KYIV – The world’s center of gravity is heading eastward so fast that we Europeans can almost feel the ground moving beneath our feet. Because almost all major actors on the international stage are redefining their roles in response to this tectonic shift, Europe must do the same. So it is right that the EU Council of Ministers is meeting to grapple with this challenge.
For decades, however, Europeans have been more concerned with unification and constitutional arrangements than with traditional diplomacy. Europe’s historic rivalries have, of course, been civilized into a political model that European diplomats often see as applicable across the international arena.

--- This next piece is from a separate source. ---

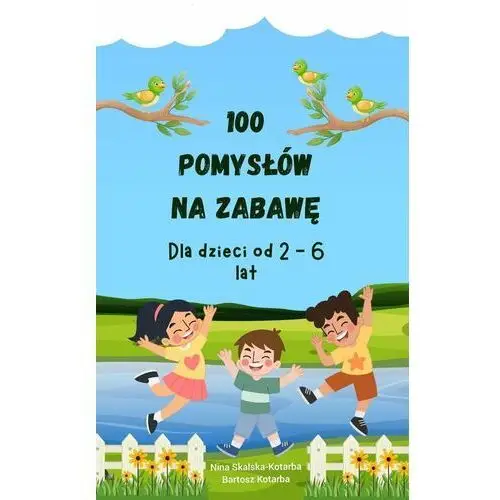 100 pomysłów na zabawę dla dzieci od 2 - 6 lat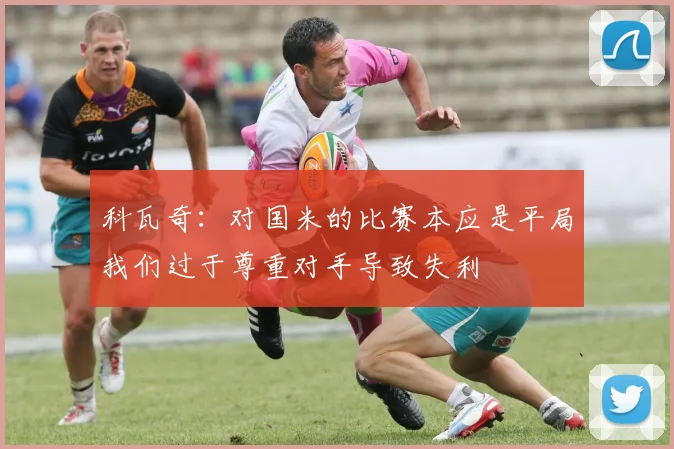 科瓦奇：对国米的比赛本应是平局我们过于尊重对手导致失利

To be sure, consensus, compromise, and a pooling of sovereignty are the only ways to resolve many of the great issues – climate change, nuclear proliferation – that bedevil our world. But on the great issues of war, peace, and the balance of power, Europe seems trapped between an insufficiently cohesive foreign policy and uncertainty among individual countries about how to define and secure their national interests.

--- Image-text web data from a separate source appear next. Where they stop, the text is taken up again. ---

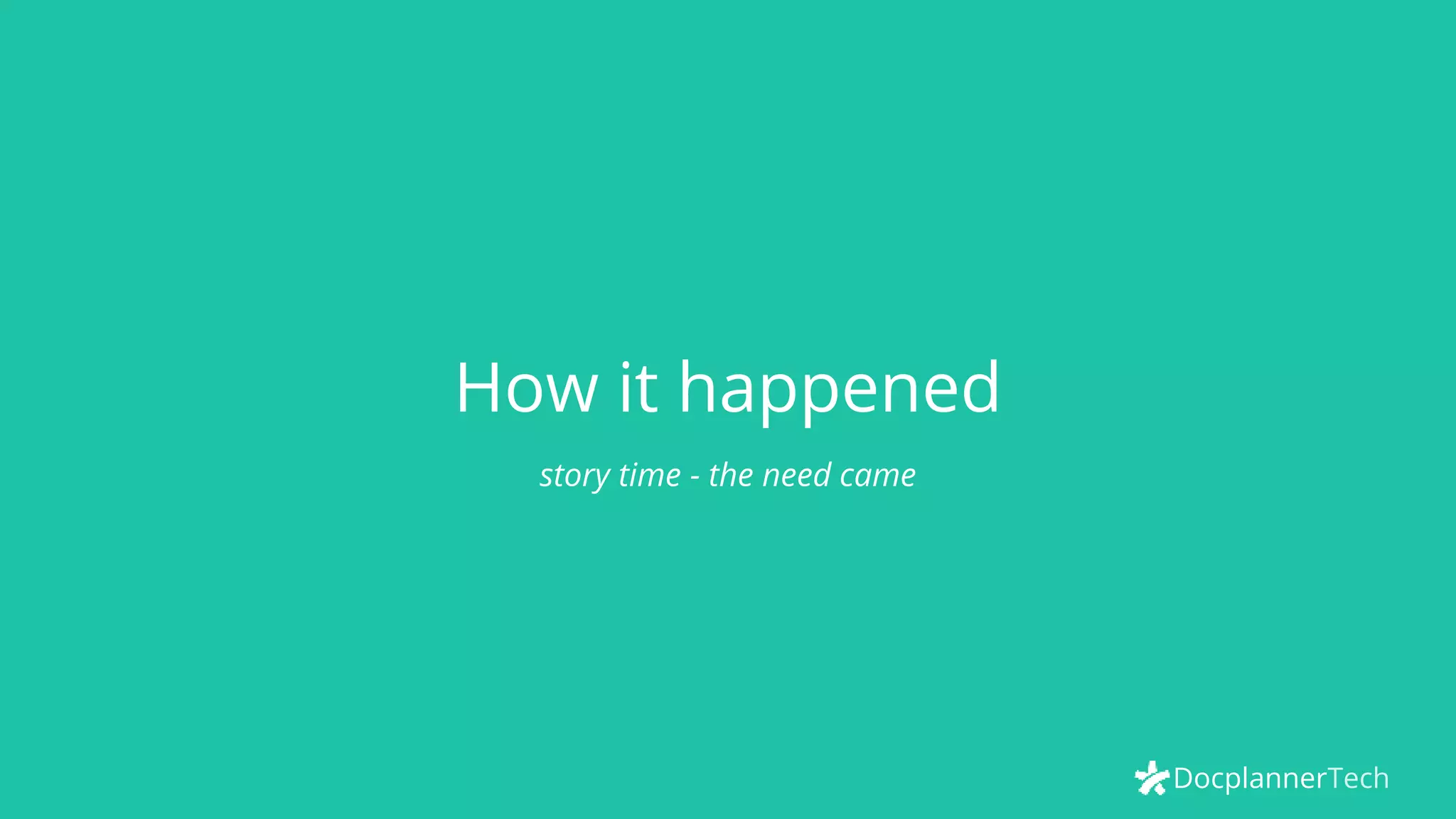 DocplannerTech
How it happened
story time - the need came
 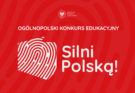 Ogólnopolski konkurs „Silni Polską!”. Zgłoszenia w każdym powiecie do 31 października 2024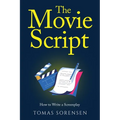 The Movie Script: How to Write a Screenplay - Paperback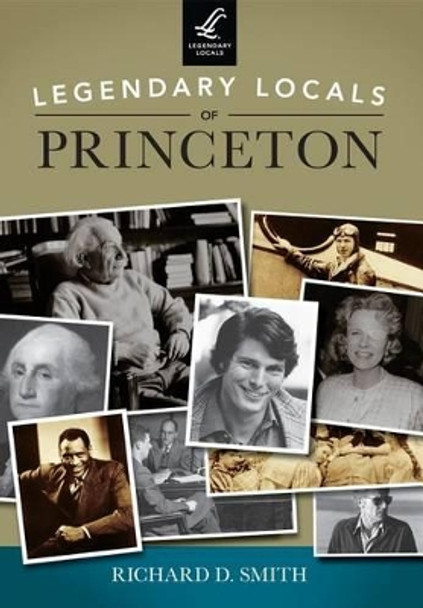 Legendary Locals of Princeton: New Jersey by Richard D. Smith 9781467100496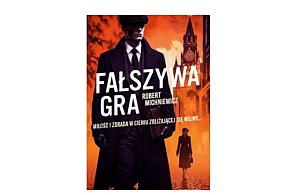 Wydawnictwo Czarna Owca prezentuje: „Fałszywa gra” Robert Michniewicz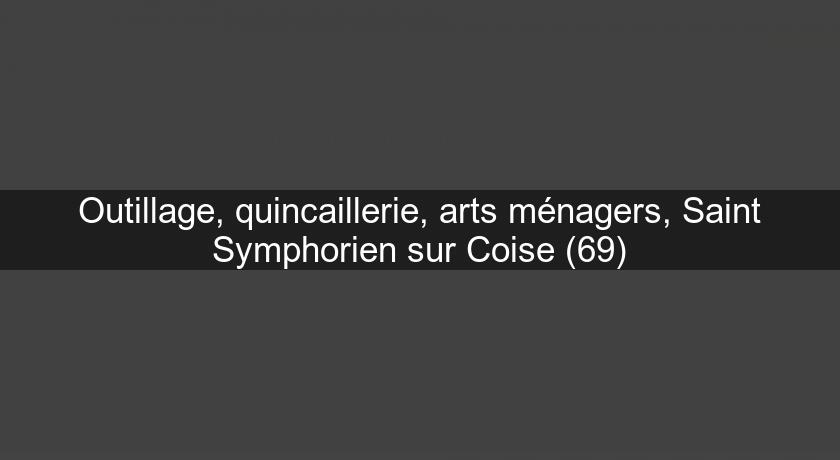 Outillage, quincaillerie, arts ménagers, Saint Symphorien sur Coise (69)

By contrast, the world’s rising powers – Brazil, China, India, and Russia – insist not only on the primacy of their national interests, but, as the failed climate negotiations in Copenhagen last December demonstrated, on sovereign freedom of action as well. To them, geopolitics is not anathema; it is the basis of all their external actions. Defending the national interest still rallies their publics; the exercise of power remains at the heart of their diplomatic calculations.